Difficulty: Beginner

RYour turn

ex_2_1 <- # your code here ex_2_1

Click to reveal solution

RSolution

ex_2_1 <- map_dbl(iris[, 1:4], mean) ex_2_1 #> Sepal.Length Sepal.Width Petal.Length Petal.Width #> 5.843333 3.057333 3.758000 1.199333

Explanation: A data frame is a list of columns under the hood, so map_* iterates over columns by default. Including Species would error because mean() cannot handle a factor; dropping it via iris[, 1:4] keeps the call clean. In tidyverse-heavy code you would write iris |> summarise(across(where(is.numeric), mean)) for the same effect; both styles are common.

Exercise 2.2: Combine a list of tibbles row-wise with list_rbind

Task: A marketing analyst pulled three weekly sales extracts as separate tibbles: w1 <- tibble(week = 1, sales = c(10, 12)), w2 <- tibble(week = 2, sales = c(15, 11)), w3 <- tibble(week = 3, sales = c(20, 18)).

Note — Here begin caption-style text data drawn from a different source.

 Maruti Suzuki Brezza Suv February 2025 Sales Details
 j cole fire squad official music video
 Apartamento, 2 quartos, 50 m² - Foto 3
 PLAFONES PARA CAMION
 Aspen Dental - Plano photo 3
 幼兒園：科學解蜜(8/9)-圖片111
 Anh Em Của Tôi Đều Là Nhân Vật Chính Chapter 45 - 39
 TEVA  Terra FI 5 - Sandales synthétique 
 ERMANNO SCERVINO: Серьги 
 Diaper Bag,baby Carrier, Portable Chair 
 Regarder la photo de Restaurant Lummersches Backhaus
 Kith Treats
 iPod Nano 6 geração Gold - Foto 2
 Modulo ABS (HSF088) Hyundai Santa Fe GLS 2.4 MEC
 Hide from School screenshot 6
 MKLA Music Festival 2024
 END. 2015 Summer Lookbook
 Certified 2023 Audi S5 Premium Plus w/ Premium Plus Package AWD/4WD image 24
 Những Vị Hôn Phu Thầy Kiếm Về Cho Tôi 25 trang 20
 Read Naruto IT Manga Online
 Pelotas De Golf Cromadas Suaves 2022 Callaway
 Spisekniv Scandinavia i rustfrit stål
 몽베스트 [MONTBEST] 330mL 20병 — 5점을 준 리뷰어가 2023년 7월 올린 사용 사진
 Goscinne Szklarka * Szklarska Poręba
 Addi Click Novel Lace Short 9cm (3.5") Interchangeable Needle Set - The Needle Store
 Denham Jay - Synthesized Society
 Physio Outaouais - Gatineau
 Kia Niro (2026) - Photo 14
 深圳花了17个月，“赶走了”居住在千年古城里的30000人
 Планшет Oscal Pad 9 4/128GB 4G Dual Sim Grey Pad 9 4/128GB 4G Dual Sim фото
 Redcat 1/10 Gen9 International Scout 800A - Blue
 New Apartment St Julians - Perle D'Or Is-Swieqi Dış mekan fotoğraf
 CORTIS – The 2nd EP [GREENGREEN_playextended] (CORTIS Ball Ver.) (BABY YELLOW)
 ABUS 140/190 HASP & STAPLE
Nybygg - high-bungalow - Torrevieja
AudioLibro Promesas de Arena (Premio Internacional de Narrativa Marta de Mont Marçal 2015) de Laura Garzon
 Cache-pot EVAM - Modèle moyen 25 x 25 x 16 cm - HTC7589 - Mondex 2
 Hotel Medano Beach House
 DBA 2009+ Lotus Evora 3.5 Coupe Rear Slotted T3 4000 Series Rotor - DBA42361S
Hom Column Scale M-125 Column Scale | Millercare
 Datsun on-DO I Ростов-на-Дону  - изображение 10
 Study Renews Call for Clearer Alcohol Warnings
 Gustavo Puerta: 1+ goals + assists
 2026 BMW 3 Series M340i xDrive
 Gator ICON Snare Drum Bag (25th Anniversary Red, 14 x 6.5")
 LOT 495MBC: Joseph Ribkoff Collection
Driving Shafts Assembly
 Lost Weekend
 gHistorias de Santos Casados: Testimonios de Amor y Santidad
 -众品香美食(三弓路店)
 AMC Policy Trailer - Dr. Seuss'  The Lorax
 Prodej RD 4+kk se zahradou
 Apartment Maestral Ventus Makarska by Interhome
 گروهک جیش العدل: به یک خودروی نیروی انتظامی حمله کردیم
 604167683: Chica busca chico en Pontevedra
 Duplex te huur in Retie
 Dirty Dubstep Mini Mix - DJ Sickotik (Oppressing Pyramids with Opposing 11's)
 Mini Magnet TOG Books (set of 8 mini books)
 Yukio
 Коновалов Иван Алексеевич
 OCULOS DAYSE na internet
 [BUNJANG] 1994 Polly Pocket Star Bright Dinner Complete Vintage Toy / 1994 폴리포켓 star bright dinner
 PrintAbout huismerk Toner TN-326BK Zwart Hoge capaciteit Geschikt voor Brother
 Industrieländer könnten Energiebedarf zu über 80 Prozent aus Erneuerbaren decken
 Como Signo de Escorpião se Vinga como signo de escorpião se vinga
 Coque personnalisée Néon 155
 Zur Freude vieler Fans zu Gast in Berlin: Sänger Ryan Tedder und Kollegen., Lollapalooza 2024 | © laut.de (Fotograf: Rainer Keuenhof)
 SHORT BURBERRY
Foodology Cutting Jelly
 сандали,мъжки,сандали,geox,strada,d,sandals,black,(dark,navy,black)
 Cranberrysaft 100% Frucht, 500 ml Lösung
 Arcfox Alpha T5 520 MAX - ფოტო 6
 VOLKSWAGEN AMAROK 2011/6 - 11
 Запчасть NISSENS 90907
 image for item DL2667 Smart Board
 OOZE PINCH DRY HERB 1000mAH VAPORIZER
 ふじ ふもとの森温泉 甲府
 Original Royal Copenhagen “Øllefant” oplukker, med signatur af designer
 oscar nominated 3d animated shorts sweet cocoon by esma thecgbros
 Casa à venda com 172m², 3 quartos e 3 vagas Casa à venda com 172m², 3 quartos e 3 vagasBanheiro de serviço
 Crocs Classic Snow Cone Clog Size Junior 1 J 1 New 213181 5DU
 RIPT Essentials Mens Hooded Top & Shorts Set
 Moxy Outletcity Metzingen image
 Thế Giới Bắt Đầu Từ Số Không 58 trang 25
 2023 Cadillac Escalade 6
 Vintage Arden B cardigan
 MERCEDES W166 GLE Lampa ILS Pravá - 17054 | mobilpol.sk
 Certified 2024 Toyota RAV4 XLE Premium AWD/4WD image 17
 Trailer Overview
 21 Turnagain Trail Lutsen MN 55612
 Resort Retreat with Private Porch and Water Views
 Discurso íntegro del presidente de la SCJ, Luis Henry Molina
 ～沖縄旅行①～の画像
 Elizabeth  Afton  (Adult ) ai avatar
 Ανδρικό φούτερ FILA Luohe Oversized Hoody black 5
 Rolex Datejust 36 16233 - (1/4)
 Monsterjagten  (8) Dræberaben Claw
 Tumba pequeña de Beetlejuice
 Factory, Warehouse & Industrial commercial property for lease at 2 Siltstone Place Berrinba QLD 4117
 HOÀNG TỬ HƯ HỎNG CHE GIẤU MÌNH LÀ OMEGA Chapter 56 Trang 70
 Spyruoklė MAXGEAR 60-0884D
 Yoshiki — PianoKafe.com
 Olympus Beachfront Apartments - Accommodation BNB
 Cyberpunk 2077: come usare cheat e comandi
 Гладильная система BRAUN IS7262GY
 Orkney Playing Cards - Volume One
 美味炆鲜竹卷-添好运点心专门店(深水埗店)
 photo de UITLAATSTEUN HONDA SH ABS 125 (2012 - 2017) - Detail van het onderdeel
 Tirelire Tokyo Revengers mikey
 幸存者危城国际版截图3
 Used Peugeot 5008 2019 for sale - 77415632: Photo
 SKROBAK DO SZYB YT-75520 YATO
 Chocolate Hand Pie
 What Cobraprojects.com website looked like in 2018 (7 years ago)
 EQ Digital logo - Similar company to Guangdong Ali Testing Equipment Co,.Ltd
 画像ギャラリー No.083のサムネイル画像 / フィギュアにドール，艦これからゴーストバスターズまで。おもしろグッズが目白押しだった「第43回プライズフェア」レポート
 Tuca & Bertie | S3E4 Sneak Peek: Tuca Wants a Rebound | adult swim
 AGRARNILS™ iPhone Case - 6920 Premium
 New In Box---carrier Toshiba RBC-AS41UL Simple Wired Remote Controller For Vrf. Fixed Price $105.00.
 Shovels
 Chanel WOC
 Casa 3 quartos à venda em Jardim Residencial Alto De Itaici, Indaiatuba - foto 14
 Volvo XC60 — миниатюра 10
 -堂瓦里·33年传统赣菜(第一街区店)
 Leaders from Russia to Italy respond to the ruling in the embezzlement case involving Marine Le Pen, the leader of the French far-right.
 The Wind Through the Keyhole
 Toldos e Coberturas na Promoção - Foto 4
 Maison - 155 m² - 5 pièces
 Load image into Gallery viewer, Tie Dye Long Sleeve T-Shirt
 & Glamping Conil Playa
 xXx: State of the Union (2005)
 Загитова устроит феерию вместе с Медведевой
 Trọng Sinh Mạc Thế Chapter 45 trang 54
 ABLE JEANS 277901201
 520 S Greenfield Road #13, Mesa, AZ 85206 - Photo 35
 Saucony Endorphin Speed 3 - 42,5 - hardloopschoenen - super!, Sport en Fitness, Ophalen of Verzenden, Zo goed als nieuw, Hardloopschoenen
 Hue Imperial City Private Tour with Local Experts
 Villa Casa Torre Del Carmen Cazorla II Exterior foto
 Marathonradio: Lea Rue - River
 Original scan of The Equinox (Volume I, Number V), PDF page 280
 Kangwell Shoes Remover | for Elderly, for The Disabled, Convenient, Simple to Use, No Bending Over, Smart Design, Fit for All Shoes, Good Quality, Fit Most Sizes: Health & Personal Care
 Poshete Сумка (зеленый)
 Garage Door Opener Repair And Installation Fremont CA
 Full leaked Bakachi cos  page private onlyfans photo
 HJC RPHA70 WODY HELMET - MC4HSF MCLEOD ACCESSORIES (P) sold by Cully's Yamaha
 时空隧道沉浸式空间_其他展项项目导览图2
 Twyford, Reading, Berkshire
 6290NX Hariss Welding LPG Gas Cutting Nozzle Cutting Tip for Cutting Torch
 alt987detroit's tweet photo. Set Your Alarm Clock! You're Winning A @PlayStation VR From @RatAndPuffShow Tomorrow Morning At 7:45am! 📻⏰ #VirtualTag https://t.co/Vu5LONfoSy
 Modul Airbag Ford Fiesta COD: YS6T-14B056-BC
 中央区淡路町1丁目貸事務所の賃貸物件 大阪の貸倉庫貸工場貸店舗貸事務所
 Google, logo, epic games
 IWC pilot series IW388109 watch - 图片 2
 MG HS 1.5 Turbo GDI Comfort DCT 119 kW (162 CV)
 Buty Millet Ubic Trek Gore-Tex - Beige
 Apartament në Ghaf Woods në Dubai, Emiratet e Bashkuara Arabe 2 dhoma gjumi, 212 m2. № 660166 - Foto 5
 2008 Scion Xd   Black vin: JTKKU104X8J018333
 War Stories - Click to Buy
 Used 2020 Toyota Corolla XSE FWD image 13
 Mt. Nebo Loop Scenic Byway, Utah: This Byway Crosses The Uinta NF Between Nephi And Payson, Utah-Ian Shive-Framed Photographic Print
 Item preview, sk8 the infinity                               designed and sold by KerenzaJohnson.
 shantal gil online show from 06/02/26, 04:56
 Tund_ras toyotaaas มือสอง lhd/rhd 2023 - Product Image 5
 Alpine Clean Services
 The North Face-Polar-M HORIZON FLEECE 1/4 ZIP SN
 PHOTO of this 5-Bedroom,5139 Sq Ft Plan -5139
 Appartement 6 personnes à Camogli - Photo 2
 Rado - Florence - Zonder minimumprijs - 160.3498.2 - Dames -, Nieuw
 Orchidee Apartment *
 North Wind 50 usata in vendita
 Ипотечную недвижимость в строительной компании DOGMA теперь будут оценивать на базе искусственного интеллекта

Use map() (with an identity body) followed by list_rbind() to combine them into one long tibble. Save the result to ex_2_2.

Expected result:

#> # A tibble: 6 x 2
#>    week sales
#>   <dbl> <dbl>
#> 1     1    10
#> 2     1    12
#> 3     2    15
#> 4     2    11
#> 5     3    20
#> 6     3    18

Difficulty: Intermediate

RYour turn

w1 <- tibble(week = 1, sales = c(10, 12)) w2 <- tibble(week = 2, sales = c(15, 11)) w3 <- tibble(week = 3, sales = c(20, 18)) ex_2_2 <- # your code here ex_2_2

Click to reveal solution

RSolution

w1 <- tibble(week = 1, sales = c(10, 12)) w2 <- tibble(week = 2, sales = c(15, 11)) w3 <- tibble(week = 3, sales = c(20, 18)) ex_2_2 <- list(w1, w2, w3) |> list_rbind() ex_2_2 #> # A tibble: 6 x 2 #> week sales #> <dbl> <dbl> #> 1 1 10 #> 2 1 12 #> 3 2 15 #> 4 2 11 #> 5 3 20 #> 6 3 18

Explanation: list_rbind() superseded map_dfr() in purrr 1.0 and is the modern row-bind primitive. It is strict about column alignment: mismatched columns become NA rather than failing silently. Pass names_to = "source" to capture the list element names as a new column when the inputs are named. The pre-1.0 idiom map_dfr(list(w1, w2, w3), identity) still works but emits a deprecation lifecycle badge in fresh code.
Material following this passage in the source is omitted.